Vales cercados por montanhas íngremes

Andando pela cidade, Natalia percebeu que Friburgo fica dentro de um vale cercado de montanhas muito íngremes e observou também que essas montanhas estão sendo ocupadas por moradias. Essa condição geológica — uma cidade geograficamente muito acidentada — a levou a concluir que 70% do território do município, do ponto de vista do assentamento dessas habitações, é vulnerável.

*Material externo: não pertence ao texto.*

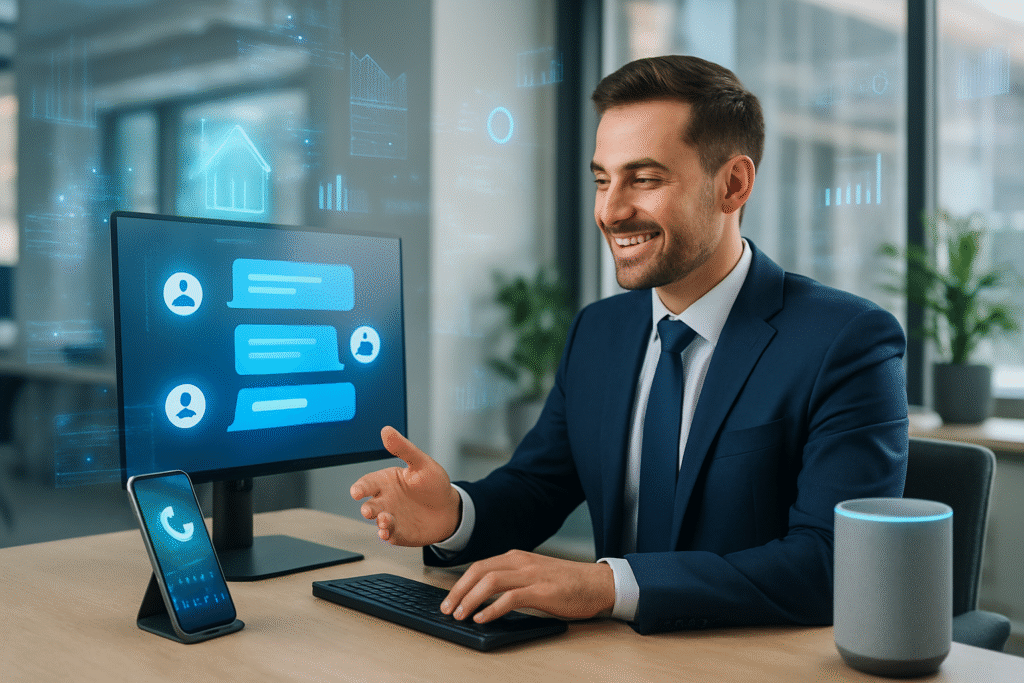 Chatbots, callbots et voicebots : la révolution des agents virtuels dans le secteur de l’assurance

“Temos duas maneiras de olhar para esse dado: como um grande problema ou como algo com potencial único de inovação. Friburgo concentra características únicas para inventar o que deve ser feito para se viver numa região de vales à beira de encostas muito íngremes. Isso inclui tudo: como as ruas e calçadas devem ser pavimentadas? Concreto permeável ou asfalto impermeável? Quais e como as encostas vão ser ocupadas, quais devem ser reservadas para a prática de esportes como escalada, lazer, como as casas devem ser construídas? Eu sugiro que seja vista sob o ângulo da oportunidade, da inovação”.

Em seguida, a jornalista citou a tragédia climática de 2011 como um aviso. Um alerta sobre a necessidade de planejar a ocupação dos espaços para evitar novos desastres naturais, respeitando as condições climáticas e geológicas.

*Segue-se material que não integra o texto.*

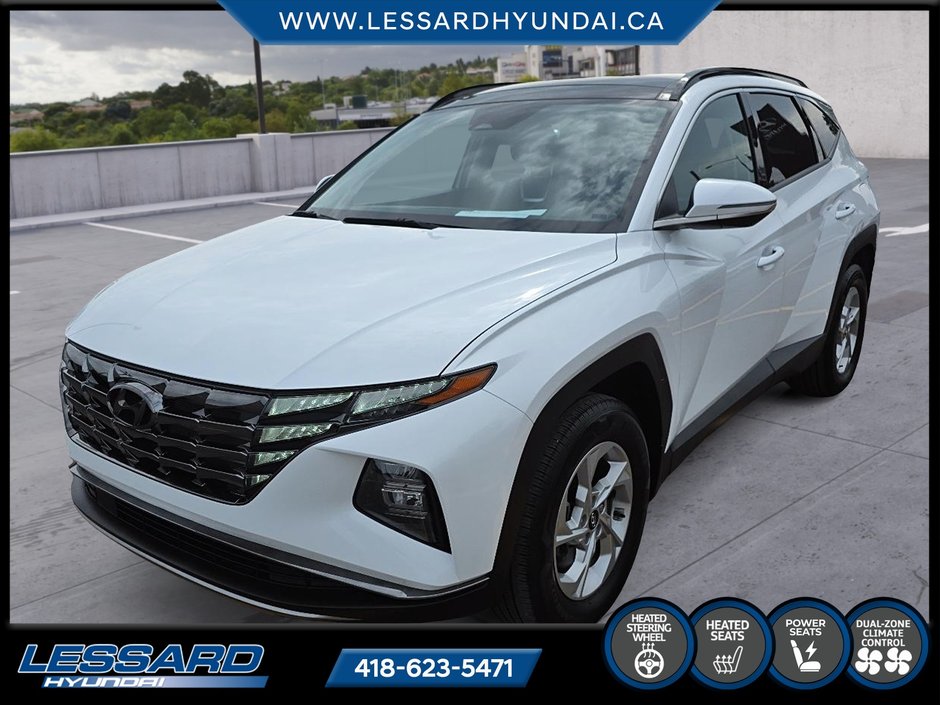 Hyundai Tucson Preferred Trend 2022 à Québec, Québec - w940px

“Se isso não for muito bem elaborado e organizado, é possível que problemas desse tipo voltem a acontecer. Já falamos aqui de como a cidade deve ser dentro de 10 anos, com o crescimento. Como, então, poderão estar margens de rios, encostas, os emaranhados de concretos, cabos e fios de aços? Estas são as perguntas que, orientadas pelo plano diretor, precisam começar a ser respondidas. E não adianta deixar na mão só de quem toma decisões estratégicas sobre a cidade. É preciso que todos façam um acordo dentro do que foi decidido no plano, para um trabalho conjunto”, argumentou.

De acordo com a pesquisa feita por ela, não se resolvem problemas dessa natureza com soluções ideológicas, mas científicas. E como frisou, não se trata de fazer apologia ao carro, bicicleta ou transporte público. Por premissa, um não é melhor do que o outro. Depende do tipo de cidade, população, cultura, potencial do lugar. Mas, dentro das características de cada cidade, a questão é científica. “Vi um conjunto do Minha Casa Minha Vida, afastado de tudo. Esse é o problema do qual já falamos, de pessoas distantes das oportunidades”.

Definir problemas, desenhar soluções

Natalia Garcia lembrou que todo projeto precisa de clareza de propósito, ter visão, estar conectado com a vanguarda das soluções possíveis, ter um diagnóstico preciso. “Quando vemos um projeto como o Minha Casa Minha Vida construído numa periferia distante, estamos resolvendo um problema e criando outro. Mas, como ele já está lá, precisamos criar um entorno que atenda às necessidades básicas daquela comunidade, possibilitando a instalação de serviços como um posto de saúde, mercado, farmácia, escola, e outros, para diminuir o volume de deslocamento”.

Natalia Garcia apresentou vários exemplos de soluções em cidades europeias, americanas e mesmo no Brasil. E defendeu que todo projeto precisa de um processo e que ambos precisam ser pensados juntos. De acordo com ela, é necessário uma margem nesse conjunto para envolver as pessoas, fazer com que elas assumam o compromisso de implantá-lo e fazê-lo dar certo. “É preciso que todos vislumbrem o futuro para tornar sua cidade num lugar melhor para viver. Definido os problemas, podemos desenhar as soluções”, concluiu.